Monica, quant à elle, était dans sa chambre, en train de peaufiner sa tenue. Pour assortir sa culotte, elle avait acheté des bas rouges et un soutien-gorge push-up. La lingerie moulante mettait en valeur ses courbes généreuses et la rendait incroyablement excitée lorsqu’elle se regardait dans le miroir. Dos au miroir, la mère sexy jeta un coup d’œil par-dessus son épaule, admirant comment la culotte rehaussait ses fesses. Elle se massait les fesses et faisait rebondir son postérieur rebondi devant le miroir, observant comment il se fondait dans la culotte. En cambrant les fesses et en se penchant en avant, elle pouvait presque distinguer une tache humide dans sa nouvelle culotte.

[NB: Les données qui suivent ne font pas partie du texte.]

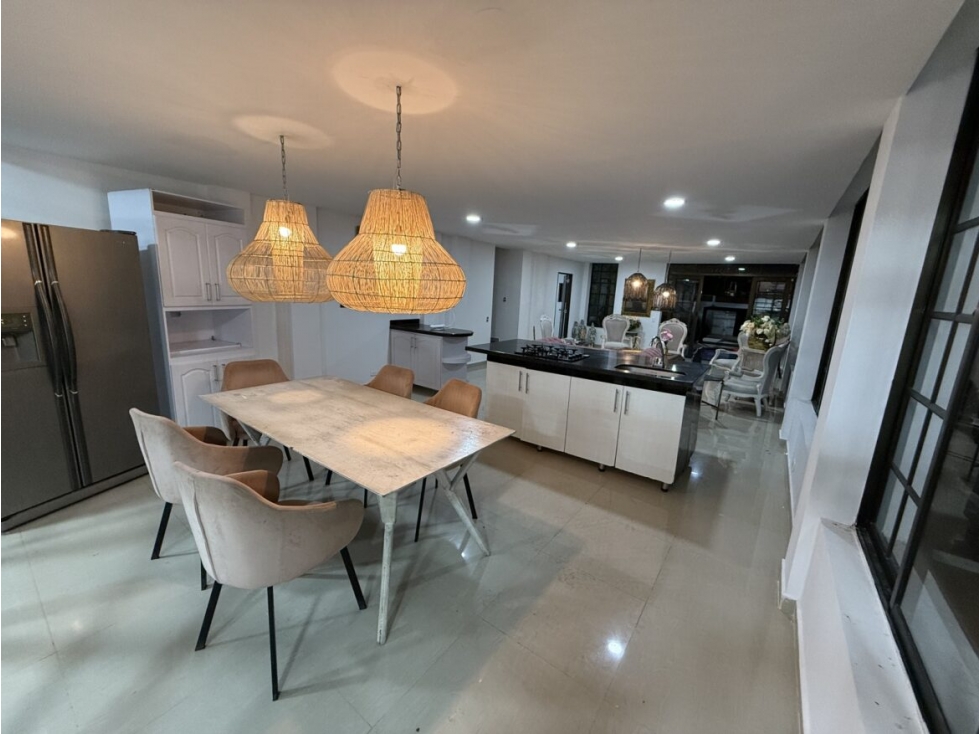 Casa campestre de ensueño en venta  Combia, Marceliano — foto 6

La MILF sexy terminait sa tenue avec un peu de mascara et de rouge à lèvres rouge assorti à sa lingerie lorsqu’elle entendit frapper doucement à la porte de sa chambre.
« Maman ? Je peux entrer ? » demanda Mark, à moitié nu, dans le couloir.
Monica ouvrit la porte et Mark en resta bouche bée. Il la dévisagea, subjugué par sa sensualité en lingerie. Ses jambes bronzées, mises en valeur par les bas rouges, étaient à croquer. La culotte, moulante, épousait parfaitement son pubis, remontant haut sur ses hanches, et ses seins, offerts à la vue, semblaient n’attendre qu’à être caressés. Le cœur de Mark s’emballa, son sexe se dressa sous l’effet du sang, le faisant bander sous son slip.